[css2.1] [css3-fonts] Ambiguities relating to UNICODE-RANGE tokens from Zack Weinberg on 2008-09-24 (www-style@w3.org from September 2008)

From: Zack Weinberg <zweinberg@mozilla.com>
Date: Wed, 24 Sep 2008 16:24:15 -0700
To: www-style@w3.org
Message-ID: <20080924162415.6336bb4e@trurl>
There are a number of ambiguities in the specification of
unicode-range: descriptors and UNICODE-RANGE tokens.  Most are relevant
only to css3-fonts, but two relate to the core syntax and are therefore
relevant to css2.1 as well.

The regular expression defining UNICODE-RANGE in CSS2.1 is

  U\+[0-9a-f?]{1,6}(-[0-9a-f]{1,6})?

Core syntax issue 1 (editorial, one hopes): The initial U is in upper
case. All other core lexical productions are written entirely in lower
case. 4.1.3 bullet point 1 assures us that CSS is entirely case-
insensitive; I am assuming this is not a (unique) exception to that
rule.  For consistency, the U should be changed to lower case.  If it
*is* meant to be an exception, there should be explicit wording in
both css-2.1 and css3-fonts that says so.

Possible core syntax issue 2: This regular expression will match
two classes of token which do not conform to any of the three
basic forms called out in the current ED of css3-fonts: 

  U+1?10      question marks are not (all) trailing
  U+A?-BF     both trailing question marks and a second endpoint

I believe it is not possible to exclude all tokens in these classes, and
still express all the existing constraints on UNICODE-RANGE tokens,
using only Lex-style regular expression productions; in particular, it
is not simultaneously possible to limit the first number to no
more than 6 characters and specify that all question marks must trail.

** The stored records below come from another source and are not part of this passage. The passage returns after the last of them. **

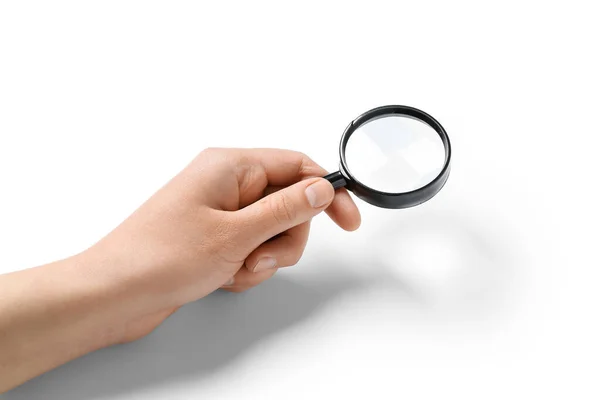 Female Hand Mini Magnifier Isolated White Background — Stock Photo, Image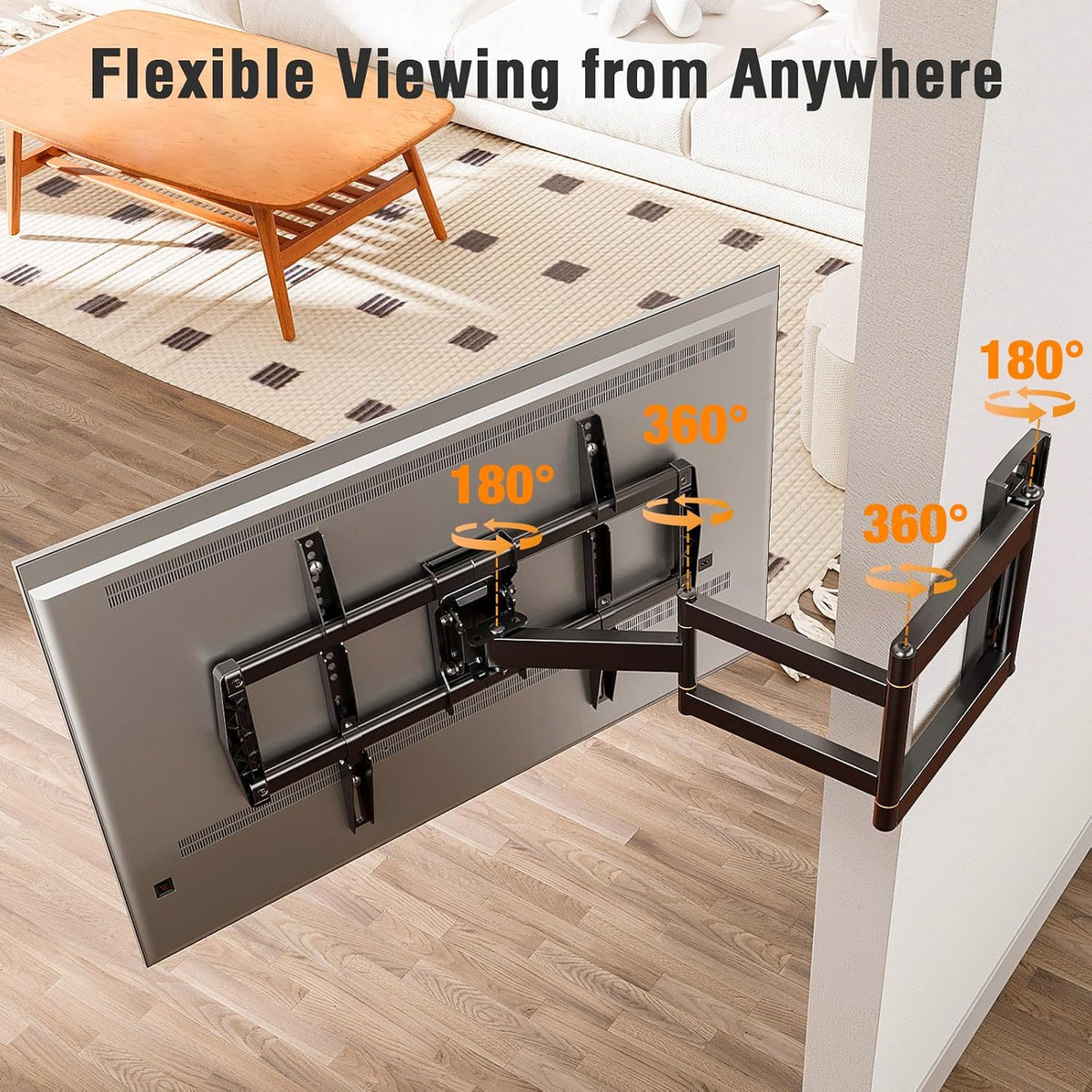 30" Long Arm TV Wall Mount for 42-75 Inch TVs, Full Motion Swivel and Tilt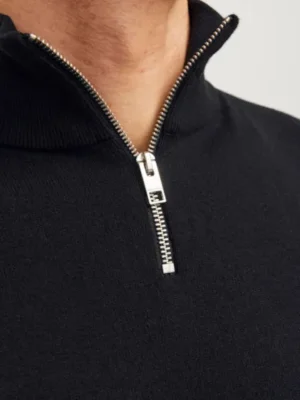 πουλόβερ με φερμουάρ στο λαιμό 12189339 Black (2)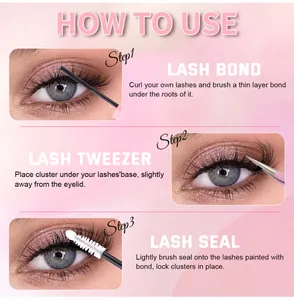 Drei-Schritte-Anleitung für DIY-Wimpernverlängerung mit Bond, Applikation und Versiegelung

So I recommend that the core syntax be left alone here.  Instead,
css3-fonts should say that any UNICODE-RANGE token that does not fit
one of the three basic forms triggers a parse error (thus, the entire
descriptor is discarded).

[Aside: css3-fonts is almost entirely lacking in formal grammar rules.
It would be nice if they got added.]

----

There are several varieties of "semantically dubious" UNICODE-RANGE
tokens: while conforming to one of the three basic forms, their effect
is not fully specified.  These are issues only for css3-fonts, which
should specify the effect of all possible range tokens.

1) Nothing but question marks: U+???, U+????, etc.

These could be considered parse errors, or they could be treated as
zero-padded at the left, so equivalent to U+0???, U+0????, etc.  I have
no preference.

2) Redundant second number: U+0100-0100 e.g.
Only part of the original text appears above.